現役時代の真中監督は明るいムードメーカーでしたが、監督に就任後は努めて感情を表に出さずに冷静に振舞い、選手たちとは一線を引いているように思えます。なぜなら、組織のトップである監督とは、部下である選手の生活を預かっているからです。特定の選手と仲良くなったり、疎遠になったりすると、どうしても選手起用に関する不満がチームに充満することになります。それを防ぐためには、あえて距離を置く。この点は、現役時代と監督になってからの彼とで、目に見える大きな変化でした。
投手コーチから見た「監督・真中満」の大きな特徴は「投手について貪欲に勉強する監督」という印象です。これまで、多くの監督の下でコーチを務めてきましたが、ここまで投手のことを考え、勉強している監督はいませんでした。
たとえば、「どのようにコンディションを整えればいいのか?」とか、「KOされてしまったときにはどのようなフォローをすればいいのか?」など、投手のことを体調面、心情面の両方からアプローチして、ケアしようと努力しています。
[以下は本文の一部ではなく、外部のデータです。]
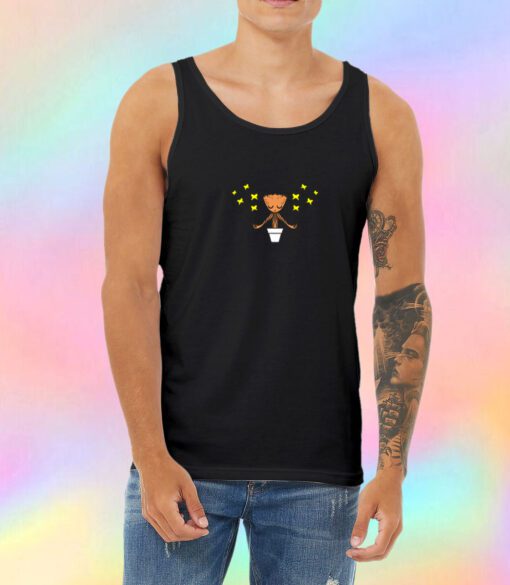 Yoga with the Butterflies Unisex Tank Top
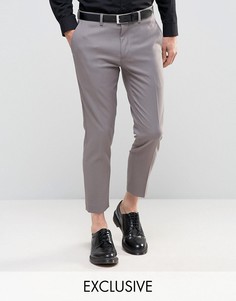Укороченные брюки скинни Only &amp; Sons - Серый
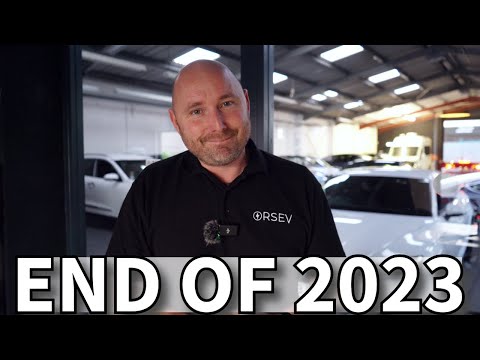 2023 Used Electric Car market stats - how is EV demand? Plus whole year solar savings revealed.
この姿勢は、彼が二軍監督だった頃から、現在に至るまでずっと変わっていません。
長いペナントレース。先発ローテーションを確立し、リリーフ陣を整備し、過度な負担をかけることなく、着実に戦っていくことが理想です。しかし、あくまでも理想は理想であって、誰かが故障したり、思わぬ不振にあえいでしまったり、予期せぬ事態に陥ることは多々あります。むしろ、「故障者が出る」「選手は不振の時期もある」ということは指揮官たるもの、常に想定しています。なぜなら、それこそリスクヘッジだからです。
長丁場のペナントレースにおいて、目先の一勝にこだわることで、リリーフ陣に想定以上の負荷をかけると、最終的にシーズン終盤の大事な場面でそのしわ寄せに苦しむことになります。そこで、チームではリリーフ陣に対しては「三連投以上はさせない」とか、「最低、中五日は間隔をあけて登板させる」など、起用に関しての基本ルールを作っています。もちろん、緊急事態があって、石川雅規が中四日で投げた試合もありますし、リリーフ投手に連投を強いたこともあります。
それでも、真中監督は決して無茶な投手起用をすることはありませんし、投手コーチである僕の意思を最大限に尊重してくれます。目先の勝利になりふり構わずこだわりたい思いを持ちながら、それでも一年間をトータルでマネジメントできる監督、それが監督・真中満だと、僕は思っています。